In vivo structural modification of type II arabinogalactans with fungal endo-β-1, 6-galactanase in Arabidopsis

Arabinogalactan-proteins (AGPs) are mysterious extracellular glycoproteins in plants. Although AGPs are highly conserved, their molecular functions remain obscure. The physiological importance of AGPs has been extensively demonstrated with beta-Yariv reagent, which specifically binds to AGPs and upon introduction into cells, causes various deleterious effects including growth inhibition and programmed cell death. However, structural features of AGPs that determine their functions have not been identified with beta-Yariv reagent. It is known that AGPs are decorated with large type II arabinogalactans (AGs), which are necessary for their functions.
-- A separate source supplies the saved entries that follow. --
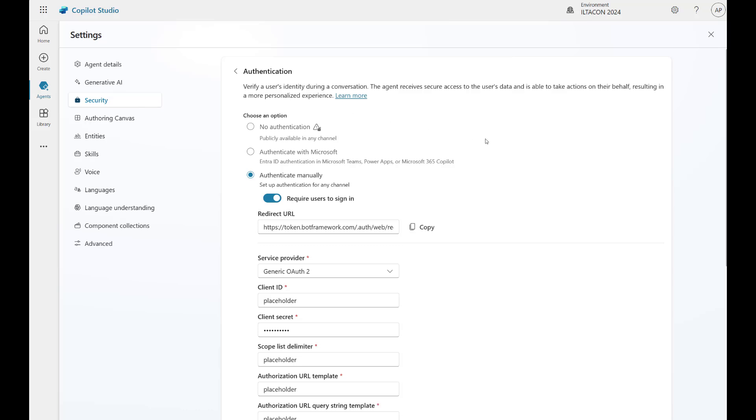Once the bot shows up, let's go ahead and select settings, security, and authentication. Now, you will either have the authenticate with Microsoft preselected, or authenticate manually selected with some placeholder settings, like you can see in my instance. For our use case, I'm going to be configuring the authenticate manually settings. But before I configure these settings, let me talk a little bit about how to choose an authentication option based on your specific scenario, which is outside of the one that we are configuring today.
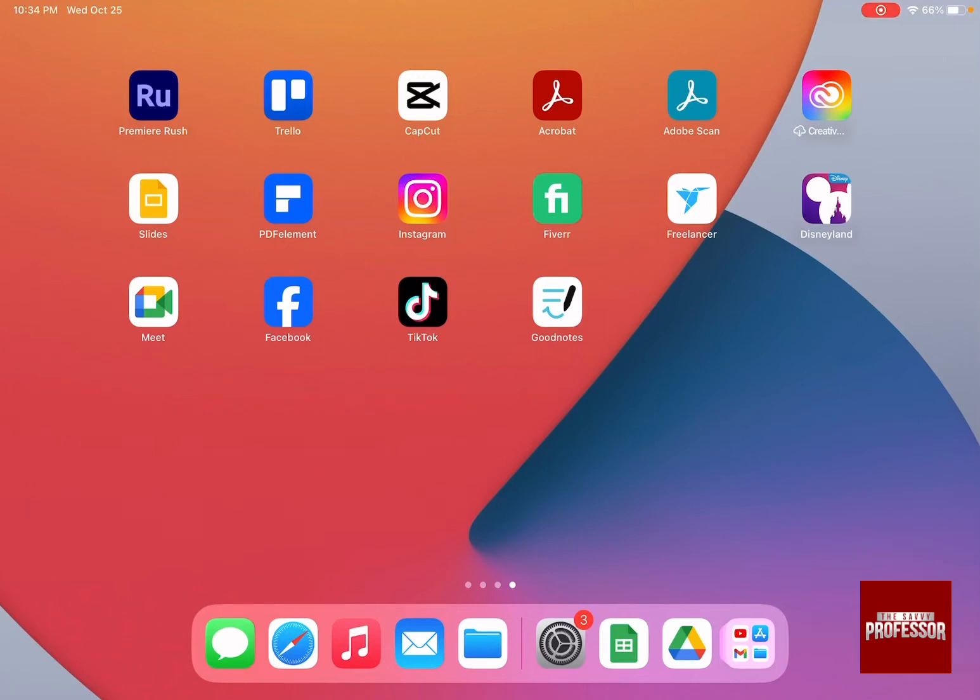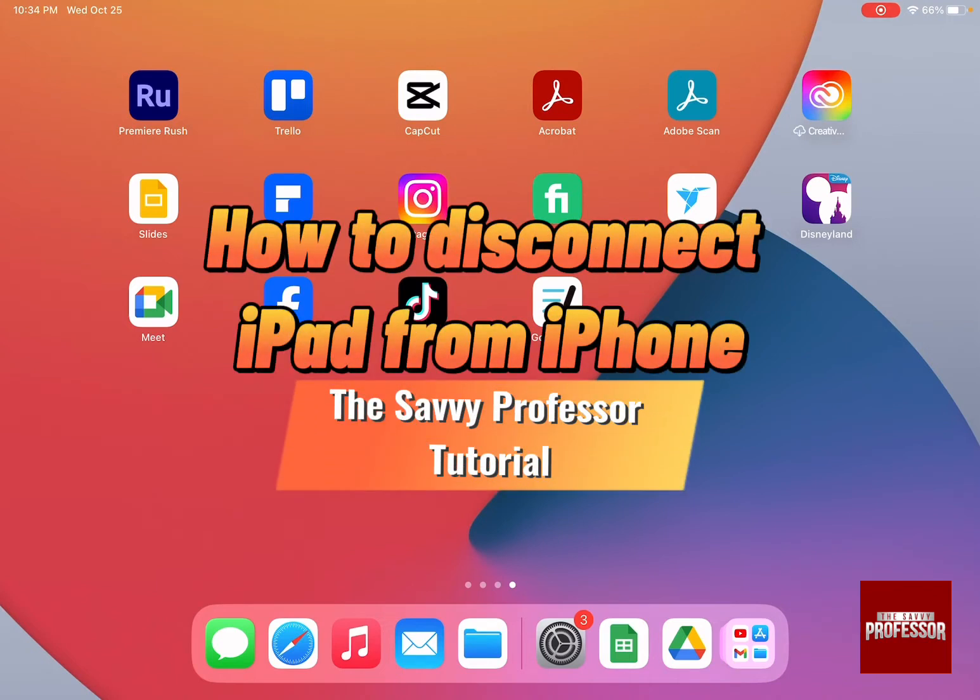Hi guys and welcome to the Savvy Professor. In today's video I'm going to show you how to disconnect iPad from iPhone.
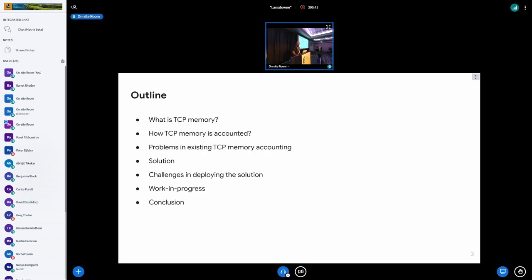Let me jump to the outline. First, I'm going to give more background on what exactly TCP memory is and how it is accounted, and then present the problem with the existing TCP memory accounting and our solution. Then we'll go over the challenges in deploying this solution across our whole fleet, and then the remaining work in progress and the conclusion.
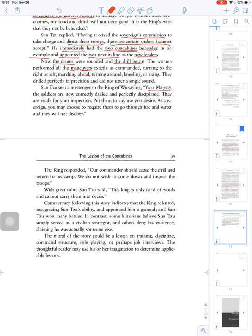This king is only fond of words and cannot carry them into deeds.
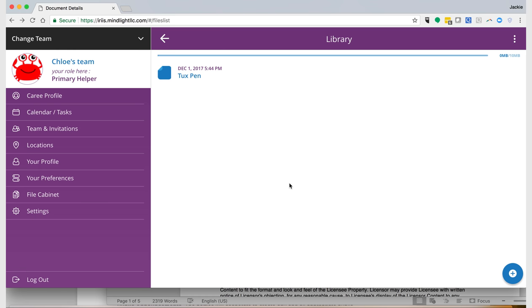That's it for this one. I'm showing you how you can view, download, and delete files as a primary helper. See you next time. Bye.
Type II AGs consist of a beta-1,3-galactan main chain and beta-1,6-galactan side chains with auxiliary sugar residues such as L-arabinose and 4-O-methyl-glucuronic acid. While most side chains are short, long side chains such as beta-1,6-galactohexaose (beta-1,6- Gal(6)) also exist in type II AGs. To gain insight into the structures important for AGP functions, in vivo structural modification of beta-1,6-galactan side chains was performed in Arabidopsis. We generated transgenic Arabidopsis plants expressing a fungal endo-beta-1,6-galactanase, Tv6GAL, that degrades long side chains specifically under the control of dexamethasone (Dex). Two of 6 transgenic lines obtained showed more than 40 times activity of endo-beta-1,6-galactanase when treated with Dex. Structural analysis indicated that long side chains such as beta-1,6-Gal, and beta-1,6-Gal(6) were significantly reduced compared to wild-type plants. Tv6GAL induction caused retarded growth of seedlings, which had a reduced amount of cellulose in cell walls. These results suggest that long beta-1,6-galactan side chains are necessary for normal cellulose synthesis and/or deposition as their defect affects cell growth in plants.